* **Task item**
Could you return every line of the records below that contains the word "High"?

Stored records

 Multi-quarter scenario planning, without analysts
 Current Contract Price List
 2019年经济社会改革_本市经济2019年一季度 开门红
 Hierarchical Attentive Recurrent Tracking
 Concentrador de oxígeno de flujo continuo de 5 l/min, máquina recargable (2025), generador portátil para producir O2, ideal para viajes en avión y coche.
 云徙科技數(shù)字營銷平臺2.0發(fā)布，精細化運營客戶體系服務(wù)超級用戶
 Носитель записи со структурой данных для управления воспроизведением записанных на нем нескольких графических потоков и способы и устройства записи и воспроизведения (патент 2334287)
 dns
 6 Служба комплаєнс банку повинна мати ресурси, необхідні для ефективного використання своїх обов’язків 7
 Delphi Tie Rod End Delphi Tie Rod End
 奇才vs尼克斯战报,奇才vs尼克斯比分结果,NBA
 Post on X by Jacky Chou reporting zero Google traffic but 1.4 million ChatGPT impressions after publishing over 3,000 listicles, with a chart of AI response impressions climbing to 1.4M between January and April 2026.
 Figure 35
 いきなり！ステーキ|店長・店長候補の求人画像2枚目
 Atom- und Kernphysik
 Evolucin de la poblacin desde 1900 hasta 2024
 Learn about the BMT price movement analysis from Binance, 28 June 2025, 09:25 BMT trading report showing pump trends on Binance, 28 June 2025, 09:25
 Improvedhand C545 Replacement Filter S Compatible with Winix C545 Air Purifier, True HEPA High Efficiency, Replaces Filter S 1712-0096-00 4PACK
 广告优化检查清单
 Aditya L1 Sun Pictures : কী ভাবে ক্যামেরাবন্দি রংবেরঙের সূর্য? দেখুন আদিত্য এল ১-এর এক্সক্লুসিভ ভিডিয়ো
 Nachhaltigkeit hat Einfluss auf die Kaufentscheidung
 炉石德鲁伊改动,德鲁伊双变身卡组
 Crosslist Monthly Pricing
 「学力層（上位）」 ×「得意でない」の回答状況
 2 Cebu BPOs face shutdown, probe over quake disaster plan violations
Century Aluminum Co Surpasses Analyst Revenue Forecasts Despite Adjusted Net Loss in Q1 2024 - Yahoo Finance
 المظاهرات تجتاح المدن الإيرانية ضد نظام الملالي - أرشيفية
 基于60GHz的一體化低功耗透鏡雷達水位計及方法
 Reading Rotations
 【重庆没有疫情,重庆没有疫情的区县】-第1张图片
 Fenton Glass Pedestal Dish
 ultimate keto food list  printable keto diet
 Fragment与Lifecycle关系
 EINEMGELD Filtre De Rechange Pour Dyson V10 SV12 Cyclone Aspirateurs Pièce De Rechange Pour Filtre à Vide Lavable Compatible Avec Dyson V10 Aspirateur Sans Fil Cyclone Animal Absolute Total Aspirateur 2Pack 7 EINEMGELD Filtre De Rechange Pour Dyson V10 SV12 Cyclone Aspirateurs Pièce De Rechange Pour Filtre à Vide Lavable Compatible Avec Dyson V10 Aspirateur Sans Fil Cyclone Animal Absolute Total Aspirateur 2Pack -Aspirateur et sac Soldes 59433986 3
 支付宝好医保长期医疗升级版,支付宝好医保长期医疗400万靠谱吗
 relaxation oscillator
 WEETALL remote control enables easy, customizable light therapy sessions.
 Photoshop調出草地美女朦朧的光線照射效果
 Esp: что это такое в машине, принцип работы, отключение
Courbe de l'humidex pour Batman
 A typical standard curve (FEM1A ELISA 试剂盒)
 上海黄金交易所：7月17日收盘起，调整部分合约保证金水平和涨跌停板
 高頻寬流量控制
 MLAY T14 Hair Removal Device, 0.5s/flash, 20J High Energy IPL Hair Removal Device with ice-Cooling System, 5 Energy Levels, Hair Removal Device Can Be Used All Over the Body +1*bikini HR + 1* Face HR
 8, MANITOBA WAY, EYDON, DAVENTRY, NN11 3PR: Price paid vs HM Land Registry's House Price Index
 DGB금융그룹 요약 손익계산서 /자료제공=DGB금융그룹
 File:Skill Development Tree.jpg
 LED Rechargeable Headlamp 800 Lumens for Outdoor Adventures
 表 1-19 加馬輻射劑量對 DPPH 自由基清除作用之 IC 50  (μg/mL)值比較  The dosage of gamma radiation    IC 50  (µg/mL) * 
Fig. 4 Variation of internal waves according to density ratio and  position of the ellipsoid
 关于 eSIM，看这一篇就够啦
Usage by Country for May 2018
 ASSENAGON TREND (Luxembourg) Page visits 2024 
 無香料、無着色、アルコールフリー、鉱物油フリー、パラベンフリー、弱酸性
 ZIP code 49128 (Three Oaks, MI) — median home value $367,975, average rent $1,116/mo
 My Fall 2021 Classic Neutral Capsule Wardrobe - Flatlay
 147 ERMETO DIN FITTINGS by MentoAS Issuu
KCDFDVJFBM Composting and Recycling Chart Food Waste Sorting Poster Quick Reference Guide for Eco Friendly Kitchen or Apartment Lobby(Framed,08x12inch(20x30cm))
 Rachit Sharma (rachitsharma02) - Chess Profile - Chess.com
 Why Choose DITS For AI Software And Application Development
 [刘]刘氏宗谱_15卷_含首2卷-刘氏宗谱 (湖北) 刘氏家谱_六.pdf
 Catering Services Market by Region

* **Task solution**
 Improvedhand C545 Replacement Filter S Compatible with Winix C545 Air Purifier, True HEPA High Efficiency, Replaces Filter S 1712-0096-00 4PACK
 MLAY T14 Hair Removal Device, 0.5s/flash, 20J High Energy IPL Hair Removal Device with ice-Cooling System, 5 Energy Levels, Hair Removal Device Can Be Used All Over the Body +1*bikini HR + 1* Face HR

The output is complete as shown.